I assert, therefore, that the perseverance by which we persevere in Christ even to the end is the gift of God; and I call that the end by which is finished that life wherein alone there is peril of falling. (Augustine, On the Perseverance of the Saints)
But of such as these [the Elect] none perishes, because of all that the Father has given Him, He will lose none. John 6:39 Whoever, therefore, is of these does not perish at all; nor was any who perishes ever of these. For which reason it is said, They went out from among us, but they were not of us; for if they had been of us, they would certainly have continued with us. John 2:19. (Augustine, Treatise on the Predestination of the Saints)
Augustine did teach Baptismal regeneration, but his solution with the problem of apostates was this: That the elect receive the gift of preserverence, while the apostates, like Judas, must inevitably fall away, since they were never of the elect. It is only grace which causes man to differ, and not their merits.
For who makes thee to differ, and what has thou that thou hast not received? (1 Cor. iv. 7). Our merits therefore do not cause us to differ, but grace. For if it be merit, it is a debt; and if it be a debt, it is not gratuitous; and if it be not gratuitous, it is not grace. (Augustine, Sermon 293)

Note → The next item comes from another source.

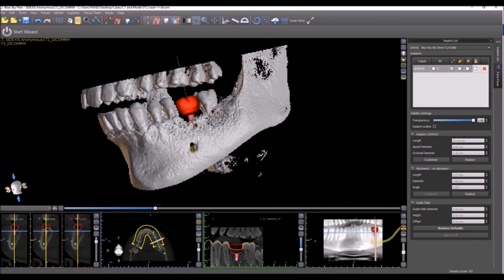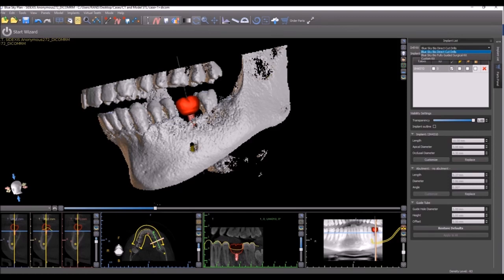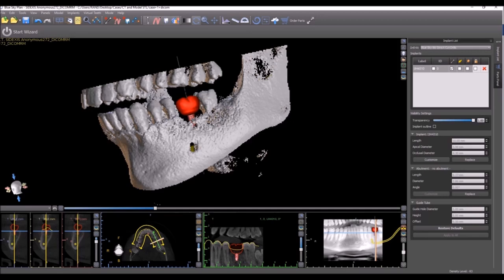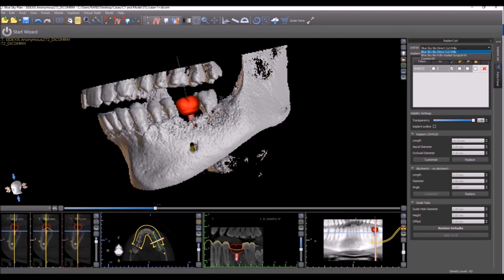You can see that in the implant list, there's now a new drop-down for drill kits. Here, you could select if you're using the direct cut drills, the fully guided kit, or if you're using another kit. And in the future, we're going to have additional kits listed here as well. And you could see, watch right now, we have direct cut drills selected, and look at the values in the guide, hole diameter, height, and offset. Now, if we make the change to the fully guided surgical kit, we could see how the data and information updates automatically.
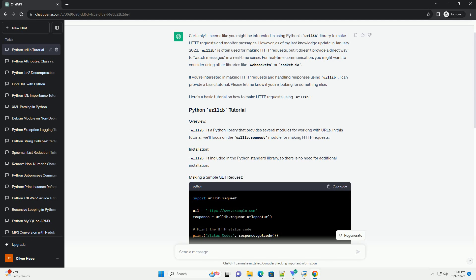Here's a basic tutorial on how to make HTTP requests using Urlib. Urlib is a Python library that provides several modules for working with URLs. In this tutorial, we'll focus on the Urlib.request module for making HTTP requests.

Furthermore, Augustine teaches that God can change the will of man at any time, and if He does it not, it is in justice, and if He does it, it is in mercy. All of this is exactly our teaching:
And, moreover, who will be so foolish and blasphemous as to say that God cannot change the evil wills of men, whichever, whenever, and wheresoever He chooses, and direct them to what is good? But when He does this He does it of mercy; when He does it not, it is of justice that He does it not for He has mercy on whom He will have mercy, and whom He will He hardens. And when the apostle said this, he was illustrating the grace of God, in connection with which he had just spoken of the twins in the womb of Rebecca, who being not yet born, neither having done any good or evil that the purpose of God according to election might stand, not of works, but of Him that calls, it was said unto her, The elder shall serve the younger. And in reference to this matter he quotes another prophetic testimony: Jacob have I loved, but Esau have I hated. But perceiving how what he had said might affect those who could not penetrate by their understanding the depth of this grace: What shall we say then? he says: Is there unrighteousness with God? God forbid. For it seems unjust that, in the absence of any merit or demerit, from good or evil works, God should love the one and hate the other. Now, if the apostle had wished us to understand that there were future good works of the one, and evil works of the other, which of course God foreknew, he would never have said, not of works, but, of future works, and in that way would have solved the difficulty, or rather there would then have been no difficulty to solve. As it is, however, after answering, God forbid; that is, God forbid that there should be unrighteousness with God; he goes on to prove that there is no unrighteousness in Gods doing this, and says: For He says to Moses, I will have mercy on whom I will have mercy, and I will have compassion on whom I will have compassion. (Augustine, The Enchiridion on Faith, Hope and Love, Chapter 98. Predestination to Eternal Life is Wholly of Gods Free Grace.)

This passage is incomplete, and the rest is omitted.